Re: [PATCH 2/3] xfs: go straight to real allocations for direct I/O COW writes

Brian Foster <bfoster@xxxxxxxxxx> · Wed, 7 Dec 2016 14:00:09 -0500

On Mon, Dec 05, 2016 at 10:05:23PM +0100, Christoph Hellwig wrote:
> When we allocate COW fork blocks for direct I/O writes we currently first
> create a delayed allocation, and then convert it to a real allocation
> once we've got the delayed one.
> 
> As there is no good reason for that this patch instead makes use call
> xfs_bmapi_write from the COW allocation path.  The only interesting bits
> are a few tweaks the low-level allocator to allow for this, most notably
> the need to remove the call to xfs_bmap_extsize_align for the cowextsize
> in xfs_bmap_btalloc - for the existing convert case it's a no-op, but
> for the direct allocation case it would blow up our block reservation
> way beyond what we reserved for the transaction.
> 
> Signed-off-by: Christoph Hellwig <hch@xxxxxx>
> ---
>  fs/xfs/libxfs/xfs_bmap.c |   9 ++---
>  fs/xfs/xfs_reflink.c     | 101 ++++++++++++++++++++++++++++++++++-------------
>  2 files changed, 76 insertions(+), 34 deletions(-)
> 
> diff --git a/fs/xfs/libxfs/xfs_bmap.c b/fs/xfs/libxfs/xfs_bmap.c
> index 6f28814..a4a4327 100644
> --- a/fs/xfs/libxfs/xfs_bmap.c
> +++ b/fs/xfs/libxfs/xfs_bmap.c
> @@ -2893,13 +2893,14 @@ xfs_bmap_add_extent_hole_real(
>  	ASSERT(!isnullstartblock(new->br_startblock));
>  	ASSERT(!bma->cur ||
>  	       !(bma->cur->bc_private.b.flags & XFS_BTCUR_BPRV_WASDEL));
> -	ASSERT(whichfork != XFS_COW_FORK);
>  
>  	XFS_STATS_INC(mp, xs_add_exlist);
>  
>  	state = 0;
>  	if (whichfork == XFS_ATTR_FORK)
>  		state |= BMAP_ATTRFORK;
> +	if (whichfork == XFS_COW_FORK)
> +		state |= BMAP_COWFORK;
>  
>  	/*
>  	 * Check and set flags if this segment has a left neighbor.
> @@ -3619,9 +3620,7 @@ xfs_bmap_btalloc(
>  	else if (mp->m_dalign)
>  		stripe_align = mp->m_dalign;
>  
> -	if (ap->flags & XFS_BMAPI_COWFORK)
> -		align = xfs_get_cowextsz_hint(ap->ip);
> -	else if (xfs_alloc_is_userdata(ap->datatype))
> +	if (xfs_alloc_is_userdata(ap->datatype))

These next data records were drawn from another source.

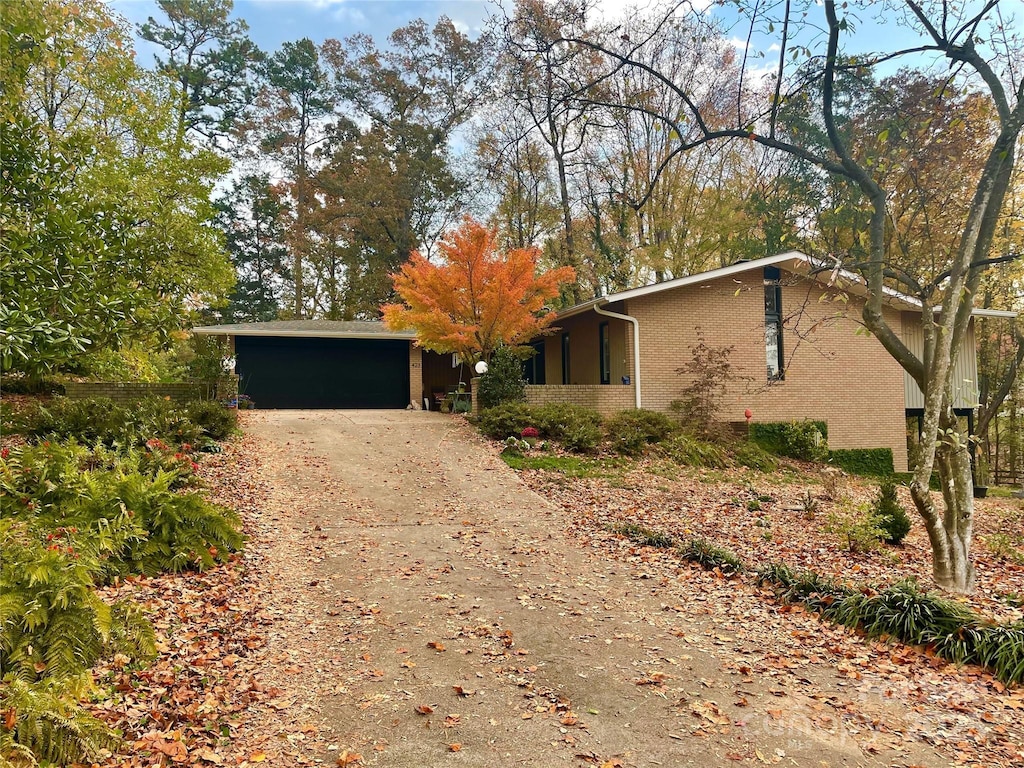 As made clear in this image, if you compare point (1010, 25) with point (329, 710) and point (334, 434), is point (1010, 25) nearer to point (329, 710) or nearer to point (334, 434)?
point (329, 710)

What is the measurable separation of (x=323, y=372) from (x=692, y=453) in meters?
12.1

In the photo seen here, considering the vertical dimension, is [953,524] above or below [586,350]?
below

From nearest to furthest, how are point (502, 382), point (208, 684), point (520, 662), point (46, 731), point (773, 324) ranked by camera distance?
point (46, 731) → point (208, 684) → point (520, 662) → point (502, 382) → point (773, 324)

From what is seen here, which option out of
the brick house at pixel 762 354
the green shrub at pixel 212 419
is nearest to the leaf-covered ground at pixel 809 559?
the brick house at pixel 762 354

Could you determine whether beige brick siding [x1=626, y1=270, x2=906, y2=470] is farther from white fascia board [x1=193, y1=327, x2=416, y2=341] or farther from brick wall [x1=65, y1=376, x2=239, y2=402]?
brick wall [x1=65, y1=376, x2=239, y2=402]

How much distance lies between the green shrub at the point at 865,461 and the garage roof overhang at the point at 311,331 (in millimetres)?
12175

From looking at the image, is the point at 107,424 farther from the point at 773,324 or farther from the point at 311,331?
the point at 773,324

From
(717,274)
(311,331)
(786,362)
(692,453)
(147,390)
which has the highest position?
(717,274)

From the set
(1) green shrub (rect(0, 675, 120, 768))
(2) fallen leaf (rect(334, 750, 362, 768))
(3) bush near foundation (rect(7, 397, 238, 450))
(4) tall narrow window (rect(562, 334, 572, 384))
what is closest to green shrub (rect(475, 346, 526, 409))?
(4) tall narrow window (rect(562, 334, 572, 384))

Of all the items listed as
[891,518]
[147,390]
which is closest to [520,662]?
[891,518]

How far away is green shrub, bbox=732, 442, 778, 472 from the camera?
13.1m

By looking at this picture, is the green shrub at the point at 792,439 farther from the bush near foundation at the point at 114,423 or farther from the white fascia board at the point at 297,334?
the bush near foundation at the point at 114,423

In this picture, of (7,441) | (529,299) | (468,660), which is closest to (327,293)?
(529,299)

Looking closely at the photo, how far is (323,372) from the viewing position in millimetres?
19844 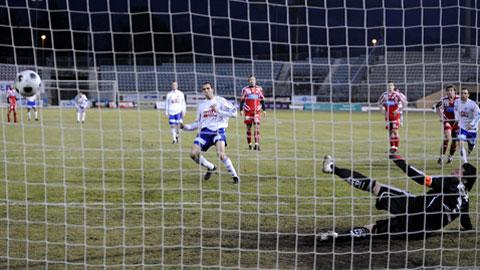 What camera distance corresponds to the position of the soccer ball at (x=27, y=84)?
20.4 feet

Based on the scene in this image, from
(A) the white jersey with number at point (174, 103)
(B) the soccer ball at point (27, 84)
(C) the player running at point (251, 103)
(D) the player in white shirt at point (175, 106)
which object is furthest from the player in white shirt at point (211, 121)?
(A) the white jersey with number at point (174, 103)

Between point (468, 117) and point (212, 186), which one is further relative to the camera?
point (468, 117)

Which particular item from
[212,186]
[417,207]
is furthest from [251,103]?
[417,207]

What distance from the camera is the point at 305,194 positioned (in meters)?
8.53

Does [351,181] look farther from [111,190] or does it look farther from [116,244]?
[111,190]

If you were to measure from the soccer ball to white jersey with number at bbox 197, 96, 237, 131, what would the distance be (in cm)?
401

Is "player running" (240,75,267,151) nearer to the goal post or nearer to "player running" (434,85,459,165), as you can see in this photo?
the goal post

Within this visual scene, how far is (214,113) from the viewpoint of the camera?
392 inches

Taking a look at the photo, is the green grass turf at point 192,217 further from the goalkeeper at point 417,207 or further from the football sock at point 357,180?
the football sock at point 357,180

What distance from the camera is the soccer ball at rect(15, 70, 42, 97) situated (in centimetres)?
621

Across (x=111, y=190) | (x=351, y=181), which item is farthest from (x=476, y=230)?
(x=111, y=190)

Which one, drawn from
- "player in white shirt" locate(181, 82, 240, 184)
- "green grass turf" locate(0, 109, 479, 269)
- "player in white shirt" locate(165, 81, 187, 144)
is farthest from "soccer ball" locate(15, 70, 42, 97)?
"player in white shirt" locate(165, 81, 187, 144)

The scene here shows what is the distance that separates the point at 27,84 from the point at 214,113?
425 cm

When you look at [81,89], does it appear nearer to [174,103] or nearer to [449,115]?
[174,103]
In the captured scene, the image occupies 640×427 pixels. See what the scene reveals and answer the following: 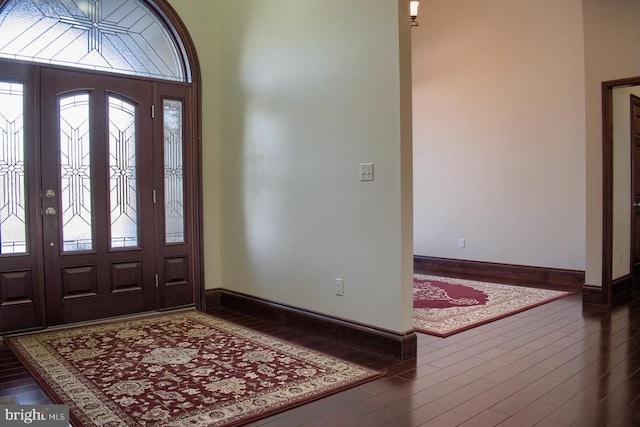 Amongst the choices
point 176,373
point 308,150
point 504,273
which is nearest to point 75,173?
point 308,150

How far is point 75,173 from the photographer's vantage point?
4133mm

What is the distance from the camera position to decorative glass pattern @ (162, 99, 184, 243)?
462 cm

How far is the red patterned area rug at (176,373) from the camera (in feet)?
7.82

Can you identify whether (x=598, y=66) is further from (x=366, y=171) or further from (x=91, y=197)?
(x=91, y=197)

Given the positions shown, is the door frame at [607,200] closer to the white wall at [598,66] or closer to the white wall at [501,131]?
the white wall at [598,66]

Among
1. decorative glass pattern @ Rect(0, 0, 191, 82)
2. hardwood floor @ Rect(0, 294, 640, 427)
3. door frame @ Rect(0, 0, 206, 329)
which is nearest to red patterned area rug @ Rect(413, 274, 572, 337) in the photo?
hardwood floor @ Rect(0, 294, 640, 427)

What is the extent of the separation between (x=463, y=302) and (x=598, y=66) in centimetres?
263

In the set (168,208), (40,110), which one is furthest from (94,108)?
(168,208)

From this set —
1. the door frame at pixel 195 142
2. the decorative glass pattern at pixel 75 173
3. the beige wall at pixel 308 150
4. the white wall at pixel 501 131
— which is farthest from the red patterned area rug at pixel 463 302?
the decorative glass pattern at pixel 75 173

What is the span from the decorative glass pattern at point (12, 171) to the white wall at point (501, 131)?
504 cm

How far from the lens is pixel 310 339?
3.67 metres

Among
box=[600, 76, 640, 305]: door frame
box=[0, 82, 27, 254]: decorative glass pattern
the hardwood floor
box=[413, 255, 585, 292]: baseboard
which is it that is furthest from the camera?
box=[413, 255, 585, 292]: baseboard

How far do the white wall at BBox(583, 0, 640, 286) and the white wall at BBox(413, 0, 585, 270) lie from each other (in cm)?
85

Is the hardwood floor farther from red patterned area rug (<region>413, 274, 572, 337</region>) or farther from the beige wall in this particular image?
the beige wall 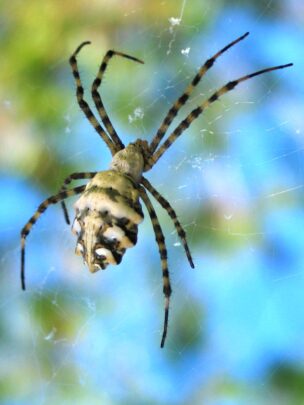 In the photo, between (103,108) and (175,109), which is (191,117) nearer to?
(175,109)

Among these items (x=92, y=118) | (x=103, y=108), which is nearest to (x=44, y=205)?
(x=92, y=118)

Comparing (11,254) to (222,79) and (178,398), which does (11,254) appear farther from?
(222,79)

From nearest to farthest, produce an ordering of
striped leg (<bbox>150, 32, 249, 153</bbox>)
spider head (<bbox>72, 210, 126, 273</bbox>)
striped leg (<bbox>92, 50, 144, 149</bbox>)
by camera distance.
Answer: spider head (<bbox>72, 210, 126, 273</bbox>) < striped leg (<bbox>150, 32, 249, 153</bbox>) < striped leg (<bbox>92, 50, 144, 149</bbox>)

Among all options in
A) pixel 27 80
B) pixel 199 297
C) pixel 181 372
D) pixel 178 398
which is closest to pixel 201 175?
pixel 199 297

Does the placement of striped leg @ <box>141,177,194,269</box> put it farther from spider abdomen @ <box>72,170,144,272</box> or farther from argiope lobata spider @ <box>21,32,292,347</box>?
spider abdomen @ <box>72,170,144,272</box>

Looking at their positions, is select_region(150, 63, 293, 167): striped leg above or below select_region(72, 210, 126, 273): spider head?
above

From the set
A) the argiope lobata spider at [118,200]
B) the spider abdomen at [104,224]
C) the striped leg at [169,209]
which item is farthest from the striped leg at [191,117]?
the spider abdomen at [104,224]

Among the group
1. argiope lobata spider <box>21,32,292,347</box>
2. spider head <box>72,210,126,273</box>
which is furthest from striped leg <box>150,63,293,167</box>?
spider head <box>72,210,126,273</box>

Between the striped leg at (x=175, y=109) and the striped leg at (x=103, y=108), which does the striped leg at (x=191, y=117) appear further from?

Doesn't this defeat the purpose (i.e., fragmentation avoidance via wider
allocations) of the cowextszhint for direct I/O? I think it would be
better to be consistent with the approach for traditional I/O + extsz
and incorporate the alignment into the reservation. Perhaps the hunk of
code that already does just that in xfs_iomap_write_direct() could be
converted to a small helper and reused..?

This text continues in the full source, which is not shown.